Joe McDonnell has posted comments on this change. ( 
http://gerrit.cloudera.org:8080/16057 )

Change subject: IMPALA-9382: part 2/3: aggregate profiles sent to coordinator
......................................................................


Patch Set 12:

(9 comments)

http://gerrit.cloudera.org:8080/#/c/16057/12/be/src/runtime/coordinator-backend-state.cc
File be/src/runtime/coordinator-backend-state.cc:

http://gerrit.cloudera.org:8080/#/c/16057/12/be/src/runtime/coordinator-backend-state.cc@423
PS12, Line 423:   // 'thrift_profiles' and 'instance_exec_status' vectors have 
one-to-one correspondance.
This comment is now out of date


http://gerrit.cloudera.org:8080/#/c/16057/12/be/src/runtime/query-state.cc
File be/src/runtime/query-state.cc:

http://gerrit.cloudera.org:8080/#/c/16057/12/be/src/runtime/query-state.cc@591
PS12, Line 591:       LOG(INFO) << it->second->min_per_fragment_instance_idx();
Nit: Leftover logging?


http://gerrit.cloudera.org:8080/#/c/16057/12/be/src/util/runtime-profile-counters.h
File be/src/util/runtime-profile-counters.h:

http://gerrit.cloudera.org:8080/#/c/16057/12/be/src/util/runtime-profile-counters.h@405
PS12, Line 405: No locks are obtained within this method because 
UpdateCounter() is called from
              :   /// Update()
Nit: Now that there is an Update() method on AveragedCounter, this comment is a 
bit awkward since it's talking about AggregatedRuntimeProfile::Update().

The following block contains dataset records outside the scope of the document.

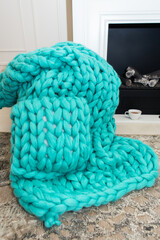 A warm plaid knitted from merino wool of a beautiful aquamarine shade lies near the fireplace along with a cup of tea. The concept of comfort.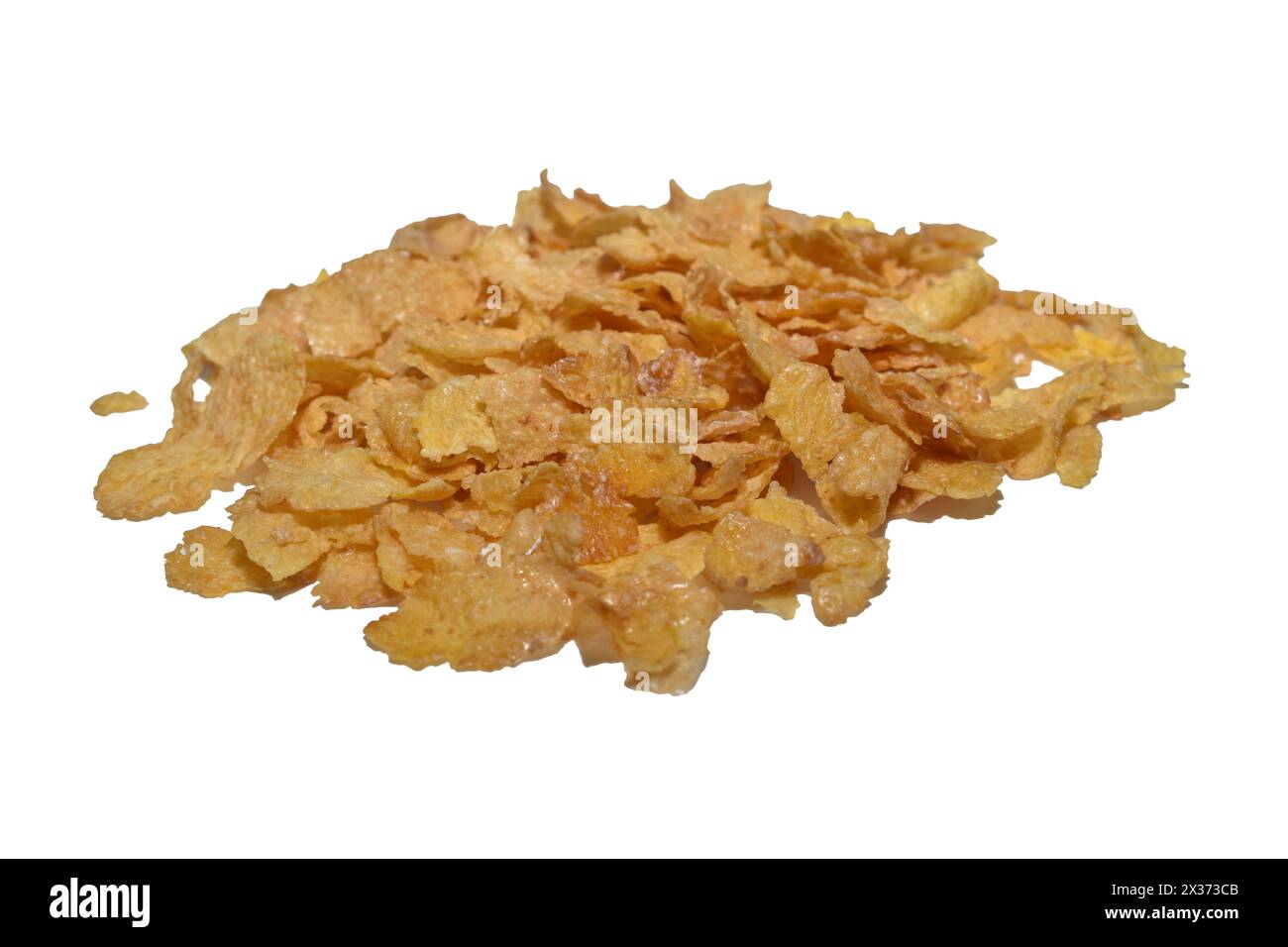 Cornflakes are scattered on a white background for a hearty breakfast. Stock Photo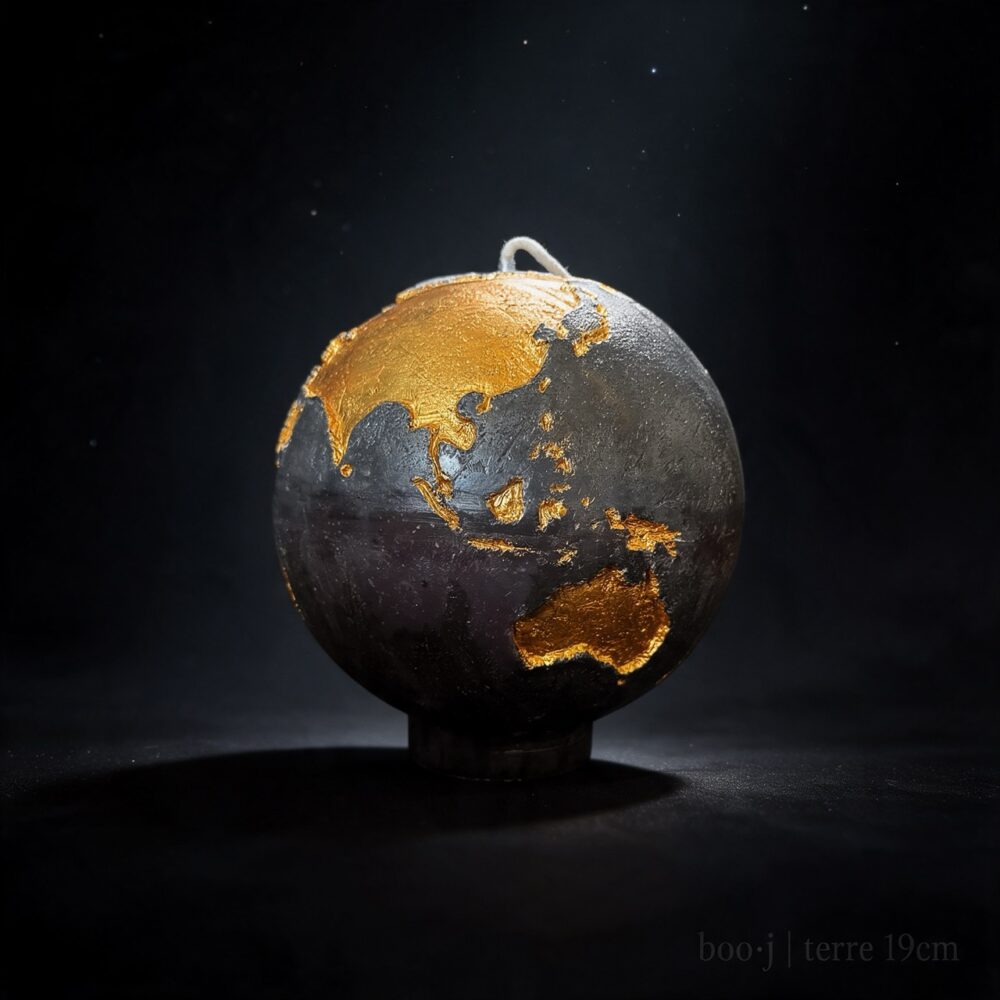 Grande bougie sphérique exclusive boo·j de 19 cm, fait main, représentant la Terre noire avec continents en couleur or foncé, pièce maîtresse de la collection.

http://gerrit.cloudera.org:8080/#/c/16057/12/be/src/util/runtime-profile.h
File be/src/util/runtime-profile.h:

http://gerrit.cloudera.org:8080/#/c/16057/12/be/src/util/runtime-profile.h@781
PS12, Line 781:   void Update(const TRuntimeProfileTree& src, int start_idx);
Nit: On first glance at code, it is easy to get confused between these two 
signatures of Update(). The signatures are almost identical and look very 
similar in usage. Once you know what is happening, it's clear which is which, 
but it might be useful to use different names.

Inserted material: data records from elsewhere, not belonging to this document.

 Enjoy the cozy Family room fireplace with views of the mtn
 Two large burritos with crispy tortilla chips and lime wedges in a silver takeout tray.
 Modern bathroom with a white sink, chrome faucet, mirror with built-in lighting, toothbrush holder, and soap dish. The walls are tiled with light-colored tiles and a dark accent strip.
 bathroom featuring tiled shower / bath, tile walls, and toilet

http://gerrit.cloudera.org:8080/#/c/16057/12/be/src/util/runtime-profile.h@833
PS12, Line 833:   struct AggEventSequence {
              :     // Unique labels in the event sequence. Values are [0, 
labels.size() - 1]
              :     std::map<std::string, int32_t> labels;
              :
              :     // One entry per instance. Each entry contains the label 
indices for that instance's
              :     // event sequence.
              :     std::vector<std::vector<int32_t>> label_idxs;
              :
              :     // One entry per instance. Each entry contains the 
timestamps for that instance's
              :     // event sequence.
              :     std::vector<std::vector<int64_t>> timestamps;
              :   };
              :
              :   std::map<std::string, AggEventSequence> event_sequence_map_;
              :
              :   /// Protects event_sequence_map_ and event_sequence_labels_.
              :   mutable SpinLock event_sequence_lock_;
              :
              :   /// Time series counters. Protected by 'counter_map_lock_'.
              :   std::map<std::string, TAggTimeSeriesCounter> 
time_series_counter_map_;
Something we need to consider is how to test for correctness on the aggregated 
profile. We have a few backend tests for counters. Maybe we could extend those 
tests to cover event sequences and time series.


http://gerrit.cloudera.org:8080/#/c/16057/12/be/src/util/runtime-profile.cc
File be/src/util/runtime-profile.cc:

http://gerrit.cloudera.org:8080/#/c/16057/12/be/src/util/runtime-profile.cc@394
PS12, Line 394:   {
              :     lock_guard<SpinLock> l(agg_info_strings_lock_);
              :     lock_guard<SpinLock> m(other->info_strings_lock_);
              :     for (const auto& entry : other->info_strings_) {
              :       vector<string>& values = agg_info_strings_[entry.first];
              :       if (values.empty()) values.resize(num_input_profiles_);
              :       if (values[idx] != entry.second) values[idx] = 
entry.second;
              :     }
              :   }
A pattern in this file is having functions that have a lot of these subblocks 
each with their own lock and their own logic. This is true for the update 
functions, but also for things like PrettyPrintSubclassCounters(). This is 
mainly a style thing and it predates the aggregated profile, but I think each 
of these blocks are candidates to become their own functions.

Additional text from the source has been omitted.